■ Exercise requirements: A verbatim printing of the entries that follow is needed; pictures must not appear in it.

....................

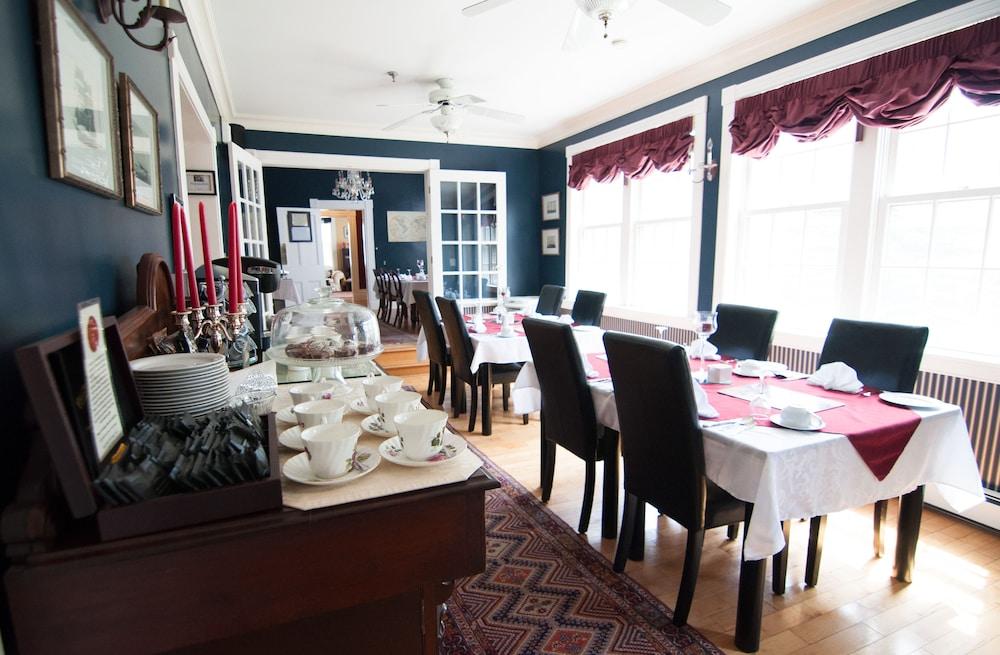 Shipwright Inn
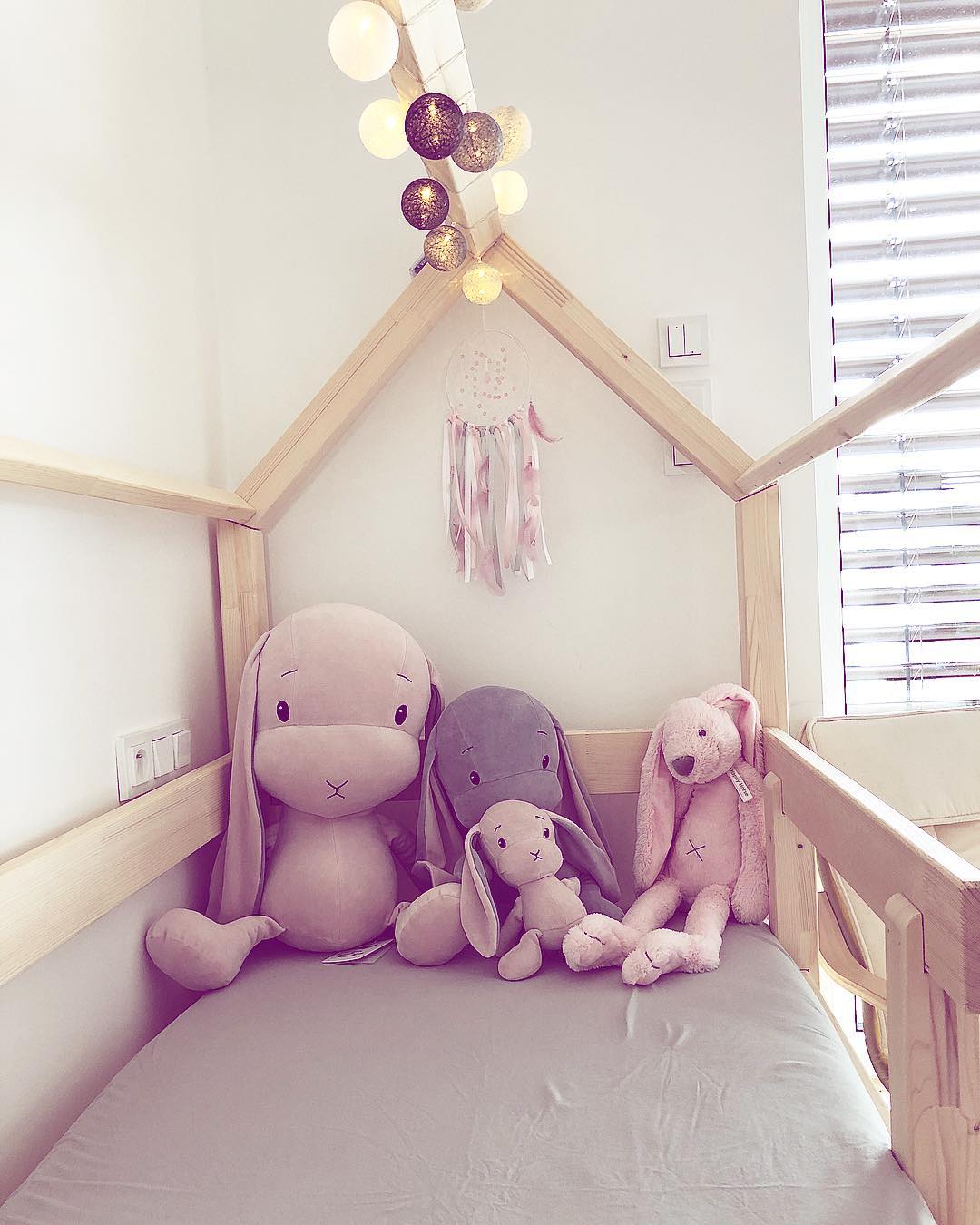 Huisbed Tery - houten kinderbed met bedrand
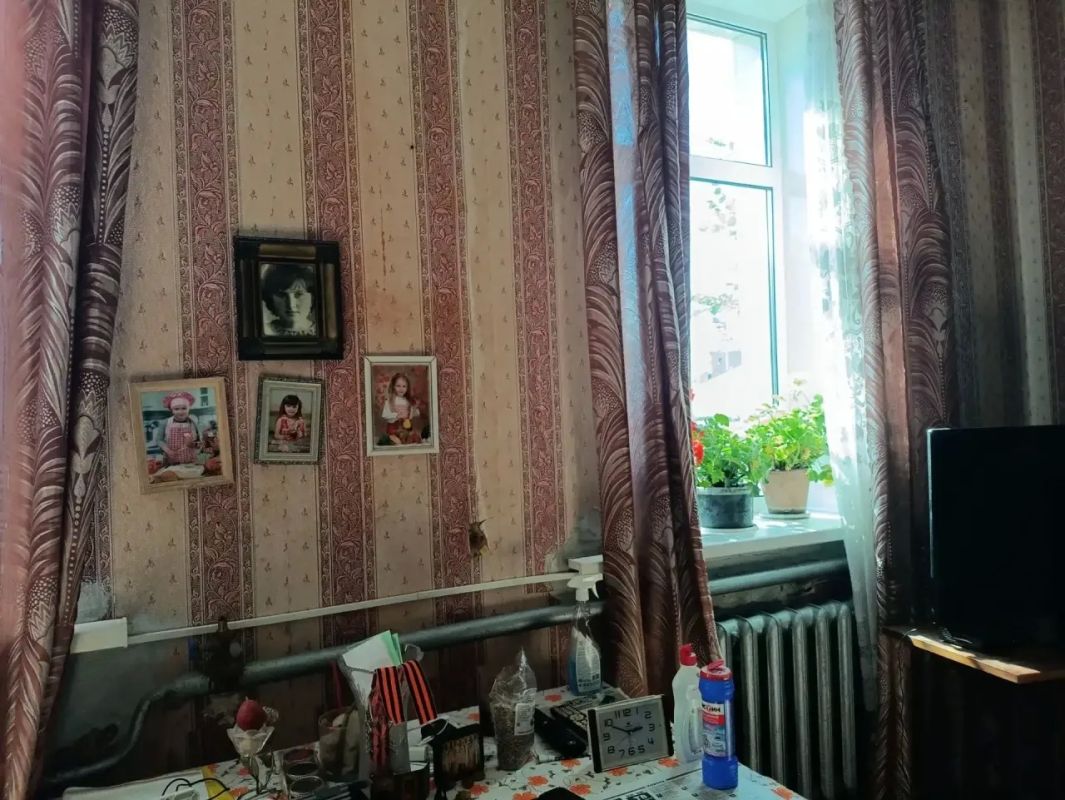Игорь Кастюкевич: Курская область. Субботнее утро волонтеры лагеря Единой России «Курский рубеж» проводят за генеральной уборкой Игорь Кастюкевич: Курская область. Субботнее утро волонтеры лагеря Единой России «Курский рубеж» проводят за генеральной уборкой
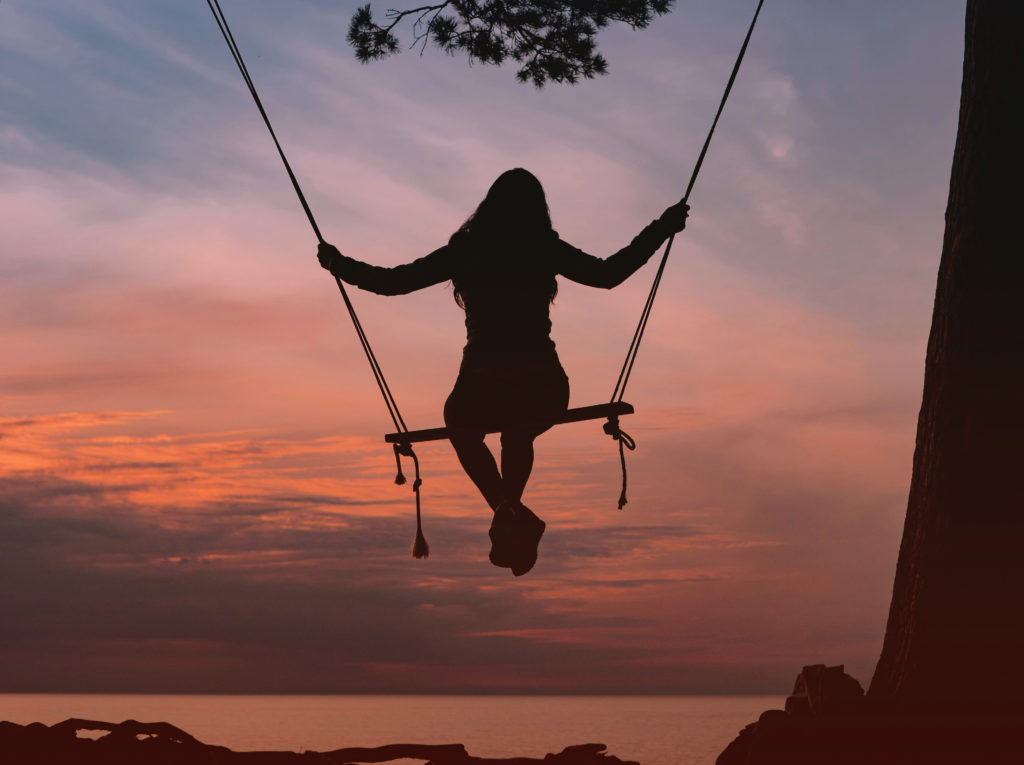 Femme sur une balançoire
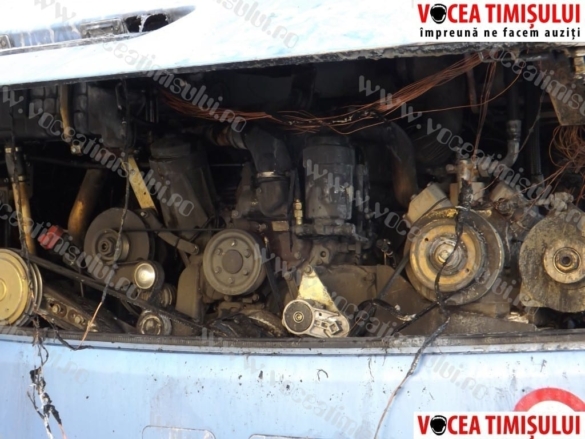 Un autocar a luat foc în parcarea Hotelului Timişoara07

....................

■ Answer box:
 Shipwright Inn
 Huisbed Tery - houten kinderbed met bedrand
Игорь Кастюкевич: Курская область. Субботнее утро волонтеры лагеря Единой России «Курский рубеж» проводят за генеральной уборкой Игорь Кастюкевич: Курская область. Субботнее утро волонтеры лагеря Единой России «Курский рубеж» проводят за генеральной уборкой
 Femme sur une balançoire
 Un autocar a luat foc în parcarea Hotelului Timişoara07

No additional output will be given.